━━━━━ Given entries

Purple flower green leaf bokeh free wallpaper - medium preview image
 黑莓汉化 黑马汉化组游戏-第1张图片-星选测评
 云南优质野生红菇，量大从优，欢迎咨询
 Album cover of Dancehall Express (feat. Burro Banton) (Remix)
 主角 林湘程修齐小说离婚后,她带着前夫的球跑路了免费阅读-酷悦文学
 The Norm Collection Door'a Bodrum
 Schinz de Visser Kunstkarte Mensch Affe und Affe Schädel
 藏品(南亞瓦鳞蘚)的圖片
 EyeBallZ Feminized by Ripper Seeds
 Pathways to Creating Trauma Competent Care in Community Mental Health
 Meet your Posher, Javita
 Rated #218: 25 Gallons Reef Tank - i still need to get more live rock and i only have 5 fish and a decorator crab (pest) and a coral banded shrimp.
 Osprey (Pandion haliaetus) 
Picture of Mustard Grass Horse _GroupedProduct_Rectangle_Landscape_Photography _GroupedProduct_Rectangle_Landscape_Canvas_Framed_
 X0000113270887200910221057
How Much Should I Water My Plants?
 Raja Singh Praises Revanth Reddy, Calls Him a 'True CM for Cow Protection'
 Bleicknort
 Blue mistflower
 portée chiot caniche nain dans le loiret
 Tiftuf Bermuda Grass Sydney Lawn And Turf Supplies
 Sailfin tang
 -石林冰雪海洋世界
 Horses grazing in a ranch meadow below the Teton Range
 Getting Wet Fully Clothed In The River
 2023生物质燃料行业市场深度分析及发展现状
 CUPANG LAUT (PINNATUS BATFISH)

━━━━━━━━━━

The expected output is the lines from the one holding "Blue mistflower" through the last line of the data, exactly as they appear, with nothing before or after.

 Blue mistflower
 portée chiot caniche nain dans le loiret
 Tiftuf Bermuda Grass Sydney Lawn And Turf Supplies
 Sailfin tang
 -石林冰雪海洋世界
 Horses grazing in a ranch meadow below the Teton Range
 Getting Wet Fully Clothed In The River
 2023生物质燃料行业市场深度分析及发展现状
 CUPANG LAUT (PINNATUS BATFISH)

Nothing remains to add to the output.